Starting with the opening line of the entries below, transcribe each line exactly up to and including the one that has "Used 2016 BMW 328i xDrive Sedan image 12"; pictures are not copied.
-- Data to examine follows --
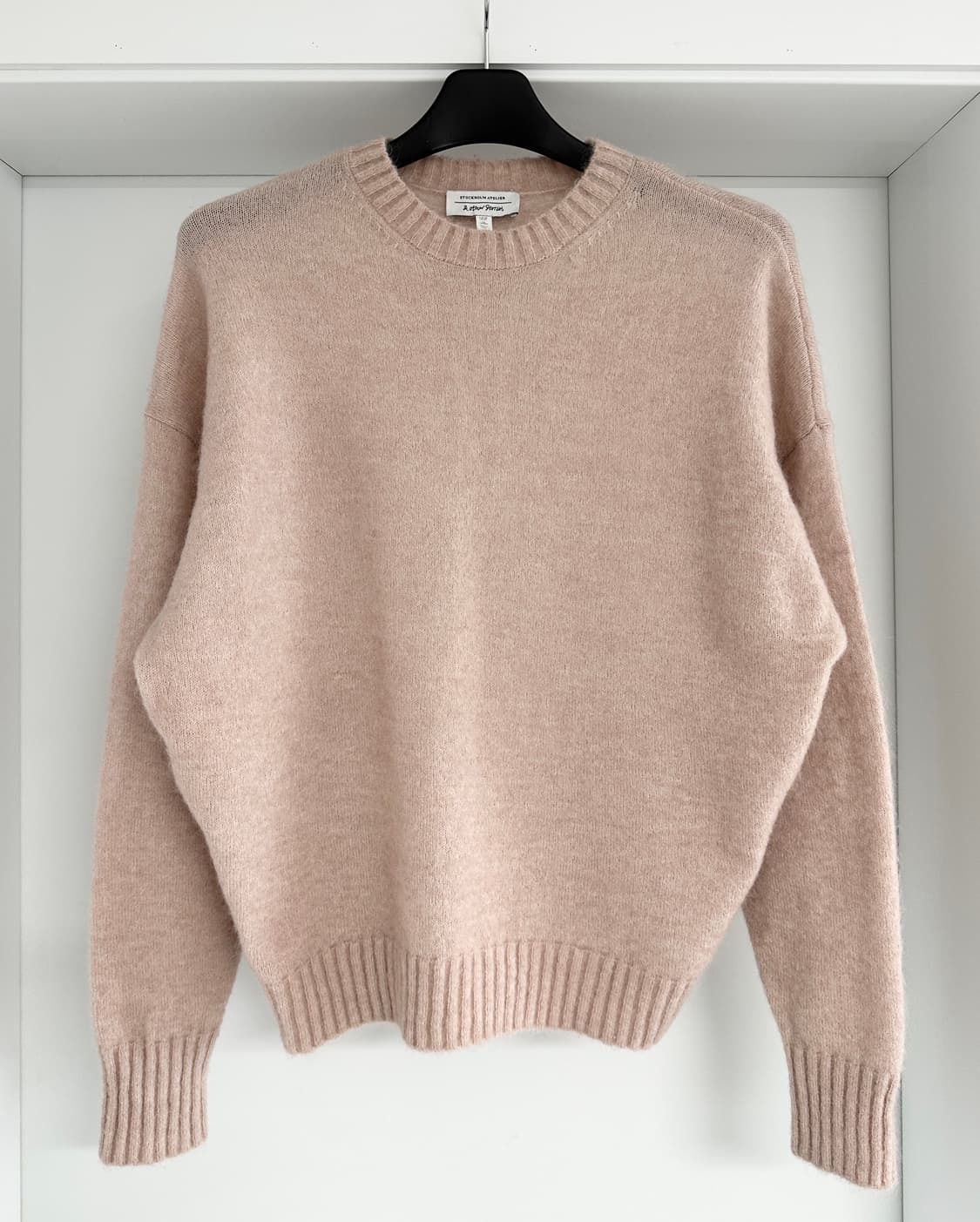 [앤아더스토리즈] 여성  모헤어 니트 상품이미지1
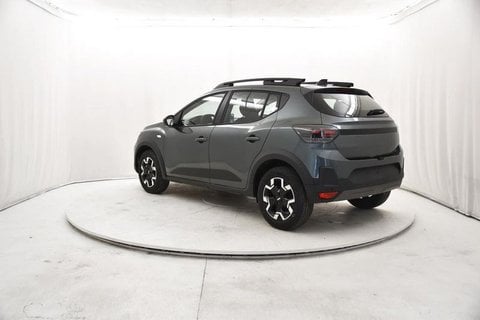 Auto Nuove Pronta Consegna A Brescia | Dacia Sandero Stepway 1.2 Eco-G Expression 120Cv - Tasso 0
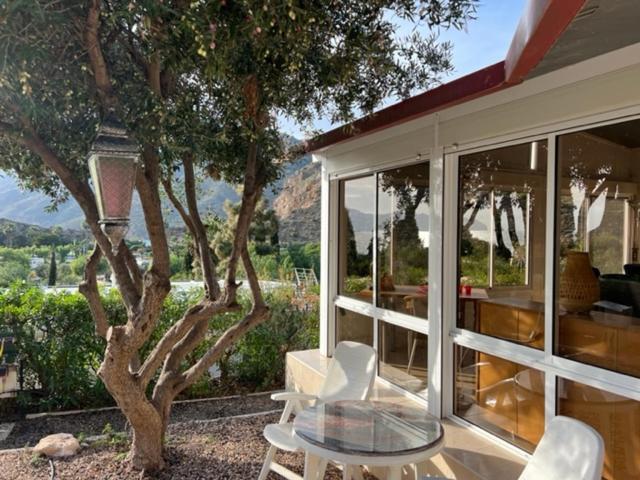 Bungalow Camping Naturista El Portus Nr 43 Cartagena, Murcia Dış mekan fotoğraf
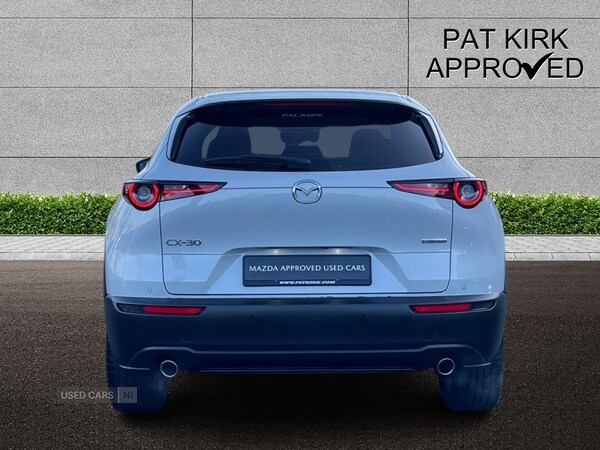 Used Mazda CX-30 2024 for sale - 76802720: Photo 14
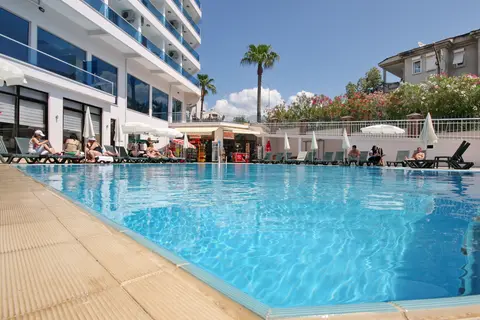 Hotel Palmea in Marmaris — foto 9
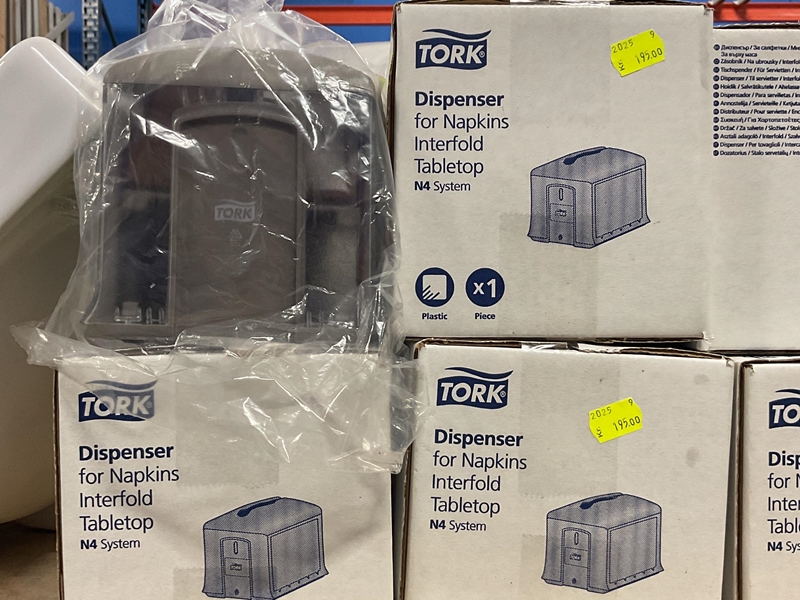 Tork Napkin Dispenser N4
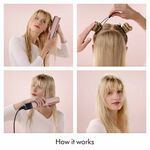 Dyson Airstrait™ Dryer and Straightener - Amber silk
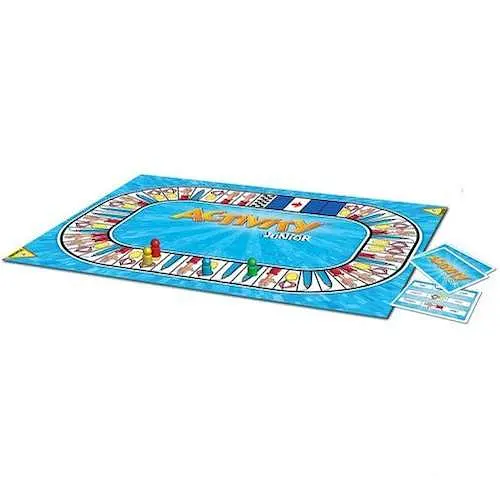 Настільна гра Piatnik Актівіті для дітей (Activity Junior) (PT-714047) - фото 2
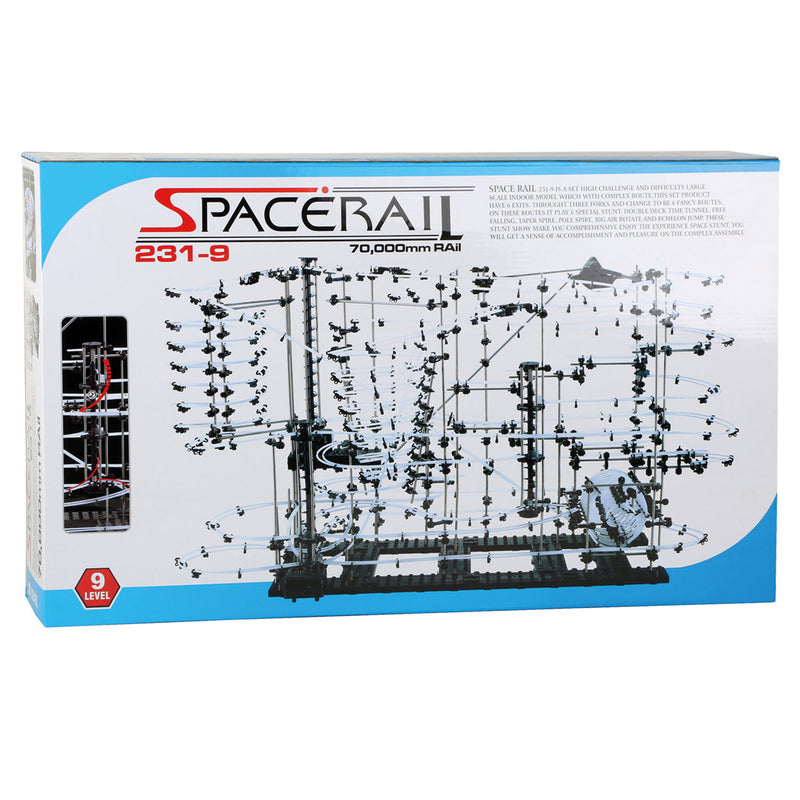 Afbeelding laden in galerijviewer, Small foot - knikkerbaan extreme, 70mtr.
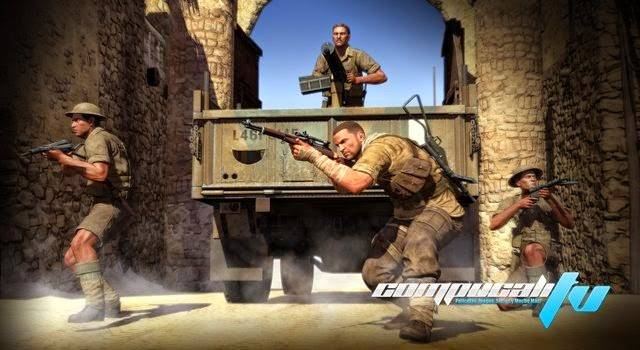 Sniper Elite 4 estaría próximo a ser anunciado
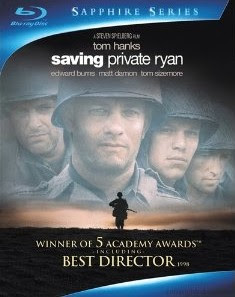 Saving Private Ryan Blu Ray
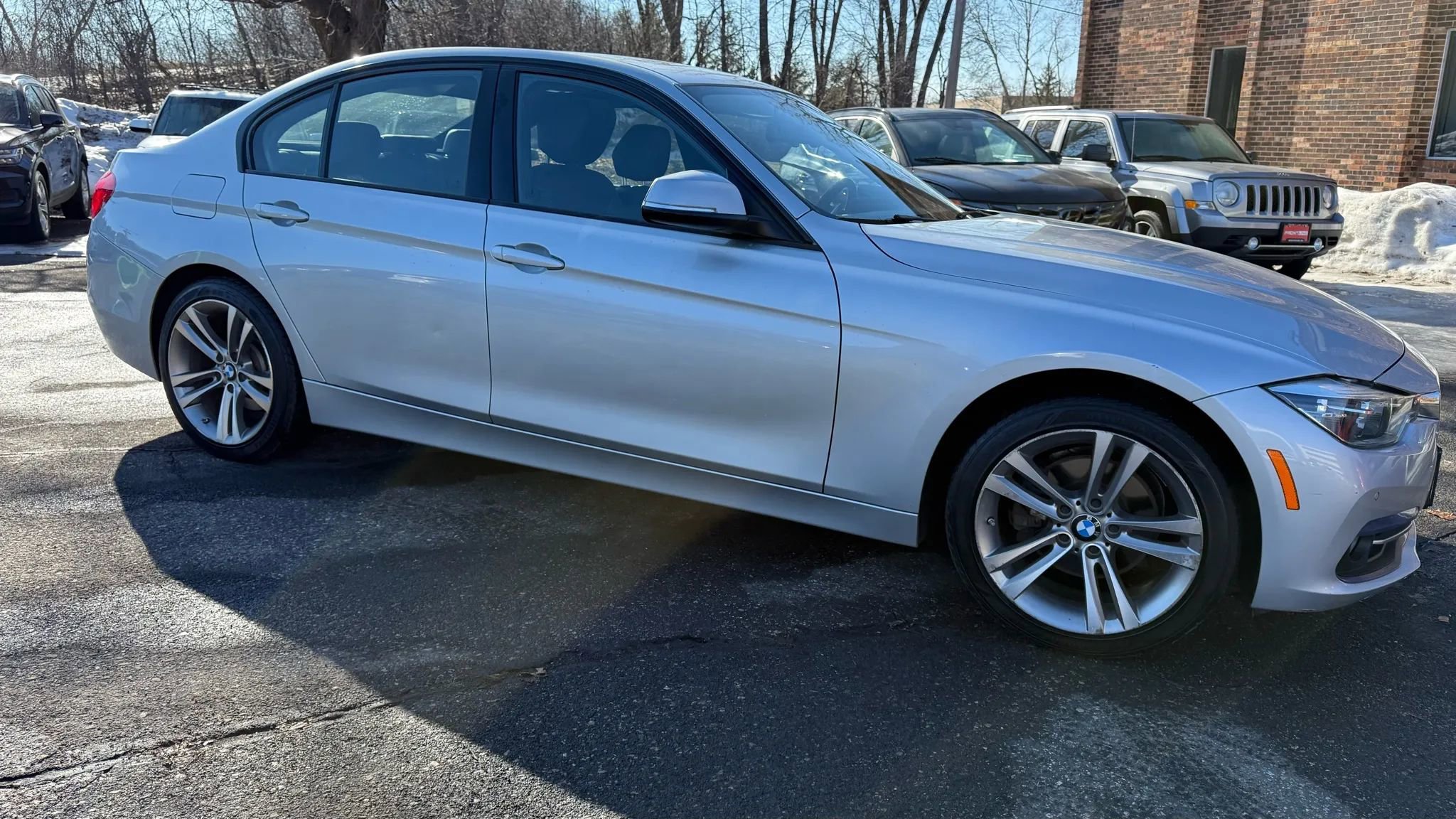 Used 2016 BMW 328i xDrive Sedan image 12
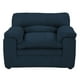 thumbnail image 1 of Sillón TRINITY Cosmo 1 Plaza Azul para Sala, 1 of 8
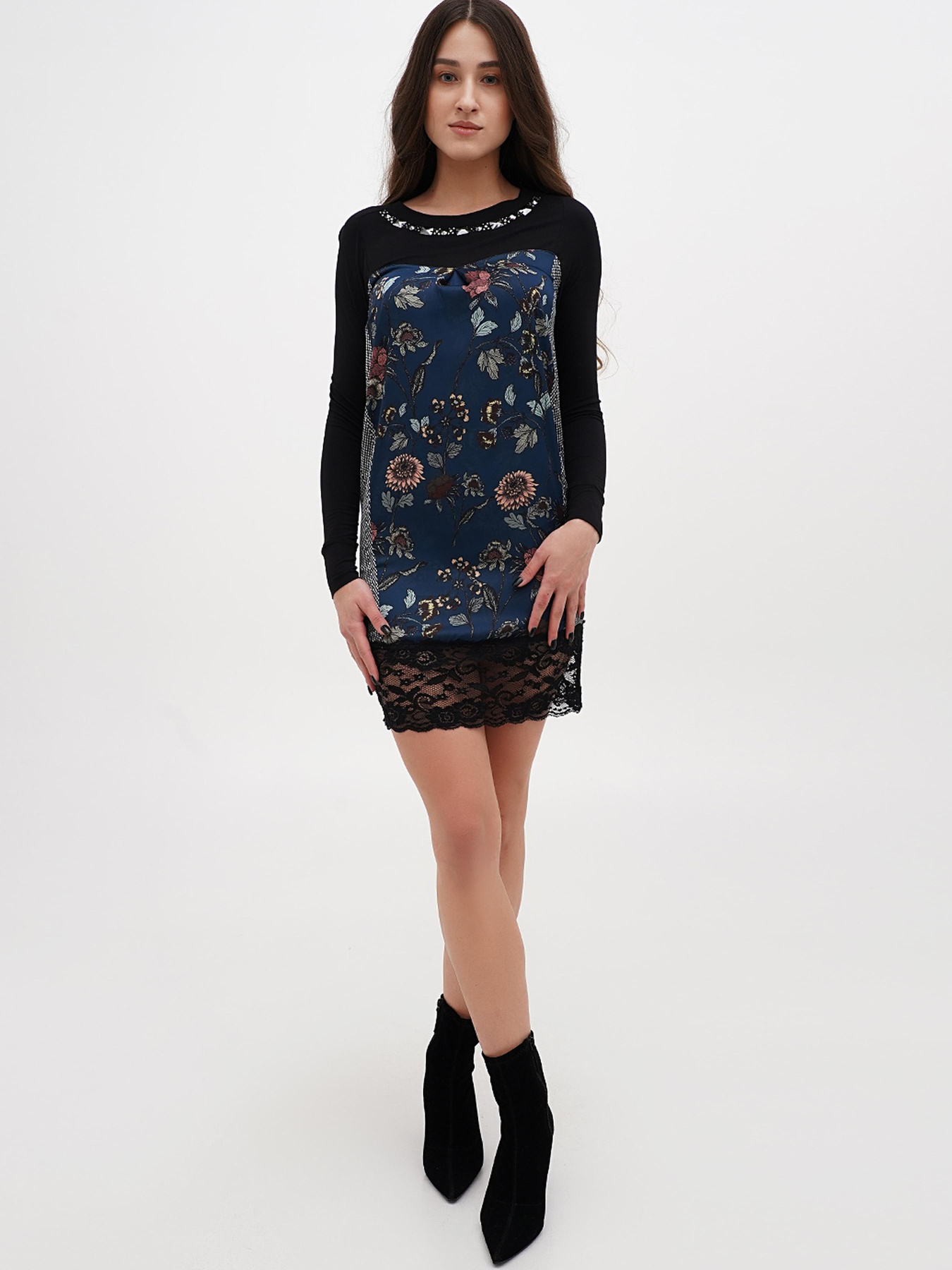 Туника Sassofono модель A271-SF-2689 Фото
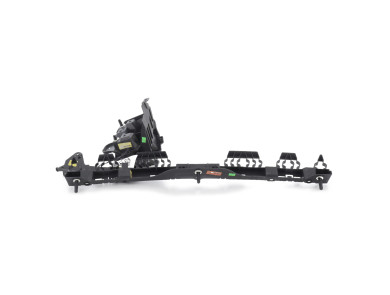 Rear bumper support set - Renault CLIO V PH.2 - Gris Clair - 852227017R - M1-9190G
-- Data to examine concluded --
Written answer:
 [앤아더스토리즈] 여성  모헤어 니트 상품이미지1
 Auto Nuove Pronta Consegna A Brescia | Dacia Sandero Stepway 1.2 Eco-G Expression 120Cv - Tasso 0
 Bungalow Camping Naturista El Portus Nr 43 Cartagena, Murcia Dış mekan fotoğraf
 Used Mazda CX-30 2024 for sale - 76802720: Photo 14
 Hotel Palmea in Marmaris — foto 9
 Tork Napkin Dispenser N4
 Dyson Airstrait™ Dryer and Straightener - Amber silk
 Настільна гра Piatnik Актівіті для дітей (Activity Junior) (PT-714047) - фото 2
 Afbeelding laden in galerijviewer, Small foot - knikkerbaan extreme, 70mtr.
 Sniper Elite 4 estaría próximo a ser anunciado
 Saving Private Ryan Blu Ray
 Used 2016 BMW 328i xDrive Sedan image 12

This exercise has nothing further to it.